Let’s first outline these issues:

What is connection oriented:

Connection: The data transmitted in a connection has a relational state, such as the need to determine whether the other end of the transmission is in a state of waiting to send or receive. The relationship of the transmitted data needs to be maintained, such as the order of the data flow. A typical example is a phone call.

Connectionless: No need to care whether the other end is online. Each data segment sent is an independent data entity. There is no relationship between data and data, and there is no need to maintain the relationship between them. A typical example is text messaging.

What is reliable:

It mainly means that the data will not be damaged or lost during the transmission process, ensuring that the data can arrive correctly. If the above guarantee is not made, it is unreliable.

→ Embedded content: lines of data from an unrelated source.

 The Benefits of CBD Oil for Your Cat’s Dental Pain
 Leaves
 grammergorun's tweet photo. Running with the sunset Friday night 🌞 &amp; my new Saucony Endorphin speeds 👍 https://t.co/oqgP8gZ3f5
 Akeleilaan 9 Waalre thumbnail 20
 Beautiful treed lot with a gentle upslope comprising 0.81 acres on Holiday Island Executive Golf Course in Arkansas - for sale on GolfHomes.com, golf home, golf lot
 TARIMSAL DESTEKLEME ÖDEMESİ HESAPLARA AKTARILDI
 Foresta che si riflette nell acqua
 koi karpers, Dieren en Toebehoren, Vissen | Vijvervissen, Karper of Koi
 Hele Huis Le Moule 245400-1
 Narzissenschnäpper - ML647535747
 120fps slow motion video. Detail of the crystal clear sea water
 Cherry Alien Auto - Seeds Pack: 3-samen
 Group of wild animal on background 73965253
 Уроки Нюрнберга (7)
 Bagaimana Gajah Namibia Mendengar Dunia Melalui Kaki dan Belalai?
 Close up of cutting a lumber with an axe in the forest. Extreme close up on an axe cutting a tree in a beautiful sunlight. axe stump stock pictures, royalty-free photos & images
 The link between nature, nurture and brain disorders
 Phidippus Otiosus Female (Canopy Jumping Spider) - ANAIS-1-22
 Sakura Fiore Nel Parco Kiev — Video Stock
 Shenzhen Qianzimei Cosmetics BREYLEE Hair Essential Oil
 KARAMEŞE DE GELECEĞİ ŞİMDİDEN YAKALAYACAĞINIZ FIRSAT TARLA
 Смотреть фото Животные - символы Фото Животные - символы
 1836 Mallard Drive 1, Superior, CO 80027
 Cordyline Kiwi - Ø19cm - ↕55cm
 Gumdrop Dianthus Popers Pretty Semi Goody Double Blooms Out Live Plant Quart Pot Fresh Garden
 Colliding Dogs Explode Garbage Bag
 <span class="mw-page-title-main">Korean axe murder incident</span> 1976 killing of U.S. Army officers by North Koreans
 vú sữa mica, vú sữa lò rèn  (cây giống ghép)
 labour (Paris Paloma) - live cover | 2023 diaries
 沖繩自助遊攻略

How to solve the connection-oriented problem:

Using the three steps of establishing a connection, transmitting data, and disconnecting to create a long-term data transmission mechanism, the data transmission in the same connection is contextual. Therefore, the following concepts are derived:

  • The seq sequence number field needs to be maintained to maintain the order of the data to ensure in-order delivery and solve the problem of data packet duplication.
  • Some special state marked packets are required to create, disconnect and maintain a connection: syn, ack, fin, rst

How to solve reliability issues:

Introduce a confirmation mechanism for data transmission, that is, wait for the other party to confirm after sending data. Therefore, it is necessary to maintain the confirmation field Acknowledgement and ack status. That is: stop waiting protocol.

After the introduction of the data confirmation mechanism (stop-and-wait protocol), the problem of low bandwidth utilization was caused. How to solve it? The solution is to introduce a window confirmation mechanism and a sliding window, that is, instead of confirming after each packet is sent, confirm after sending multiple packets.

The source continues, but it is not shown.